I once asked my psychiatrist if I was born this way, or if the events that happened in my life caused this. She told me, “well, I think you were born this way, but I don’t think those events helped”. That’s something I have had to come to terms with this past year. Although something tragic happened to me, I was born with anxiety and depression. Its like having an arthritic knee and running a half marathon on it. Insult adds to injury. Death of a sibling adds to depression. A break up adds to anxiety. And vise versa.
This year, everyone around me felt helpless. Not only did I push away certain people who were nothing but supportive, but I leaned too hard on those who were left around me. That’s probably the worst part of this “condition”. You act out, say and do hurtful things, and then when you’re falling apart, there’s no one left to help you put the pieces back together. That’s another lesson I learned. Only yourself and a trained professional can truly get you out of this rut. And although it feels so unfair, you are responsible for the things you’ve done while you were unhealthy. There are going to be people out there who can empathize and understand that anxiety and depression can cause this erratic behavior, but there’s only so much people can take. Why should they be expected to show love and support when they only receive hate and hostility in return? I personally learned this lesson the hard way, but if I didn’t, I don’t think I would have ever changed.
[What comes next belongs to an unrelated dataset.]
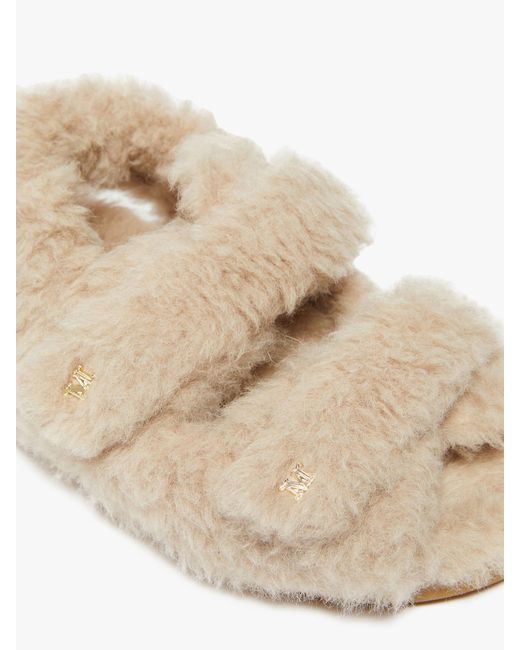 Max Mara Natural Teddy Touch-Strap Slippers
Now, I am still a work in progress. But I’m much better then I was. I feel like my confidence is up, I don’t cry over everything, and I see everyday as a gift and an opportunity to have fun. That last one is probably something I am most proud of myself for. Before, I didn’t see the point. And now, I constantly feel alive and want to experience everything. I think a lot of that I owe to my brother. After losing my him the way I did, I almost feel like I have a leg up in this world. That sounds weird, right? But I’ve felt that since the day he passed. I look at a day spent in bed as a waste. I have this constant nagging voice in my head of my brother saying, “Come on, get up. You’re not even trying”. And I get up. I shower. I go outside. I surround myself with fun people. If I feel anxious about something, I hear him say, “Just let it go, who cares?” And it genuinely brings me back down to earth and I don’t care. It’s the most freeing feeling, and that’s why I say I’m lucky to have endured what I did. He taught me that life shouldn’t be so complicated, it should be enjoyable. Your day shouldn’t be spent in bed, crying, trying to change something you can not change.
And here’s a little anecdote ~ I remember one day he got some bad news after a routine doctors visit. He came home, cried to me, and said, “it’s really bad this time, Caroline”. He sulked, laid in bed, and I held him through it. The next day he was up, and asking me if he could give my flash pass to his friend (uh sure, why not) so he could go to Six Flags for the day. Wait, WHAT?? Here I am, still recovering from the awfulness of yesterday and this kid wakes up with a smile on his face telling me hes gonna ride roller coasters all day? That’s when I really knew how amazing he was. And when he left this earth, I promised myself I would emulate all that zest for life, for the rest of my life. End anecdote ~
Although I would give anything to have him here with me, I am so lucky to carry him with me always. If it wasn’t for him, I don’t know if I could make as much progress as I have. And if he was here he would yell at me for not giving myself more credit. So yes, here I am giving myself some credit. I’m killing it.
Ok, thanks for listening. Hope you enjoy this beautiful day and go to happy hour and laugh with friends and smile at the sunshine!!